Em Batman Begins, Nolan fez algo que era muito necessário ao Homem-Morcego: Ter a sua origem contada de uma forma que não fosse espalhafatosa e lambona. Só por isso, o diretor britânico já teria muitos méritos.
Ao contrário, a película cumpre com todas as expectativas, além de apagar da memória do espectador as galhofadas em neon de Joel Schumacher e as bizarrices góticas/barrocas de Tim Burton, põe no lugar uma imagem muito mais realista do personagem – guardadas as devidas proporções é claro, de qualquer forma a suspensão de descrença é baixa.
Baseado no roteiro de David Goyer – alterado por Chris Nolan – “Begins” mostra não só a origem do menino que perdeu os pais muito cedo, mas desconstrói o personagem Bruce Wayne – algo ainda inédito no cinema, nem nos 4 filmes anteriores isso aconteceu, o “Órfão” era sempre um desajeitado que não sabia o que fazer da vida…
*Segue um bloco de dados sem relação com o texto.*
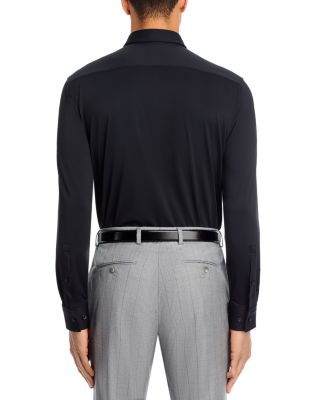 Ermo Performance Casual Slim Fit Button Down Shirt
As razões que levaram o protagonista a tornar-se o cruzado encapuzado são plausíveis e muito bem exploradas, mostrar o multimilionário descer de seu padrão de vida alto para mendigar em terras estrangeiras dá a dimensão do sacrifício do herói e sua transformação moral:
“Quando roubei para não passar fome, muitos dos meus conceitos de bem e mal mudaram!”
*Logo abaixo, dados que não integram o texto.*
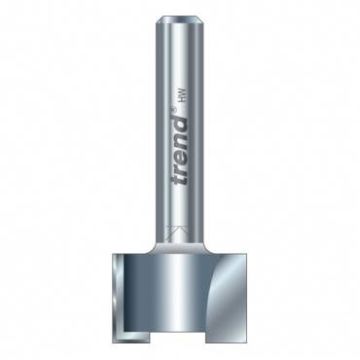 Trend 47/2X1/4TC Trimmer 18 mm dia. 12mm lng.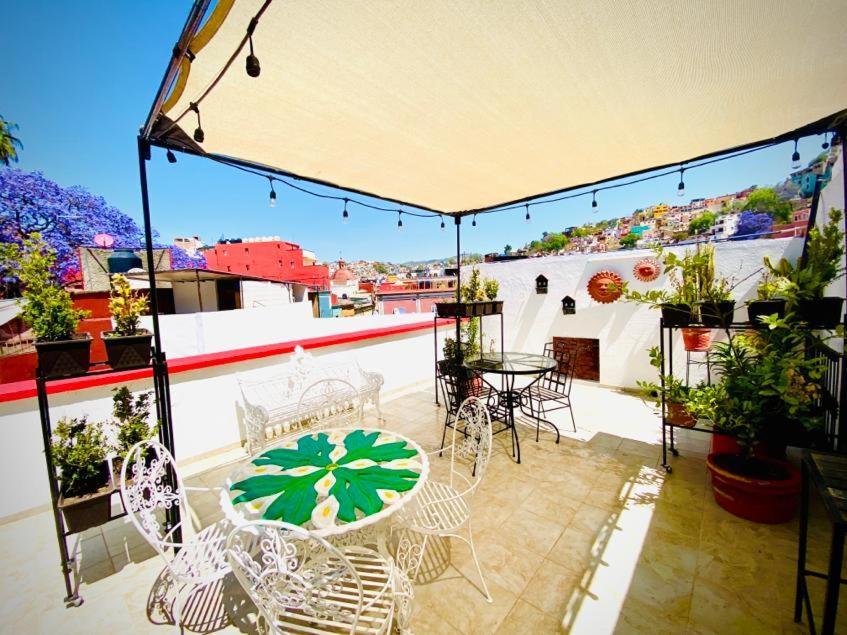 Отель Casa Mexicana Гуанахуато Экстерьер фото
O segundo ato mostra o Batman em ação, e já escancara muito dos clichês do herói, a relação íntima com Jim Gordon – com um Gary Oldman absurdamente mergulhado no papel, idêntico a versão do Tenente em “Batman – Ano Um” de Frank Miller – sua maneira de sutil – só que não – de tratar os bandidos e policiais corruptos.
Mas uma demonstração da evolução do personagem, é a faceta de playboy fake que Bruce Wayne mostra, comprando hotéis caríssimos, andando sempre bêbado, desfilando com top models, etc. Michael Keaton por exemplo, parecia pouco á vontade como o multimilionário, estava sempre deslocado, e os outros mal valem menção diante da caricatura que se propuseram, mas Bale faz isso muito bem.
As cenas de ação são impecáveis, Batman causa medo – algo inédito até aqui, e o Batmobile/Tumbler é sensacional a cena de fuga destruindo metade da cidade faz qualquer vontade de ser realista em poeira, e isso pouco importa diante da magnificência da cena.
“- Por que um morcego?
Porque eu temo morcegos, e eu transformarei o meu medo, no medo deles!”
No quesito atuação salvo uma ou outra exceção – como Katie ex-senhora Cruise Holmes, que não é genial, mas também não compromete – o elenco é impecável. Christian Bale dá sentido a ambos os lados do Morcego e tem uma sintonia com o personagem que só é superada nos “cinemas de heróis” por Christopher Reeve e seu Superman-Clark Kent. Michael Caine e Morgan Freeman emprestam seus prestígios e talentos ao diretor, e Cillian Murphy e Tom Wilkinson fazem ótimos vilões, num misto de personagens sérios com momentos caricatos. Liam Neeson é muito bom, como se espera do grande ator que é, mas não brilha intensamente, até porque esse é um filme em que somente um personagem deve ser “explorado” – outro acerto de Nolan.
O mais importante no personagem título, é o seu entendimento do que é correto, Ducard tenta persuadi-lo a se aliar a Liga das Sombras, e o ajuda a encontrar o que tanto procurava : o SEU próprio conceito de JUSTIÇA. Bruce entende isso perfeitamente, e mesmo quando provado pelo mentor a quebrar a sua única regra, ele mantém-se firme, mesmo correndo risco de morrer.
Batman Begins estreou em 15 de Junho de 2005, e alçou ao estrelato seu protagonista e seu realizador, além de ser seguido por uma obra prima dos filmes de super-heróis!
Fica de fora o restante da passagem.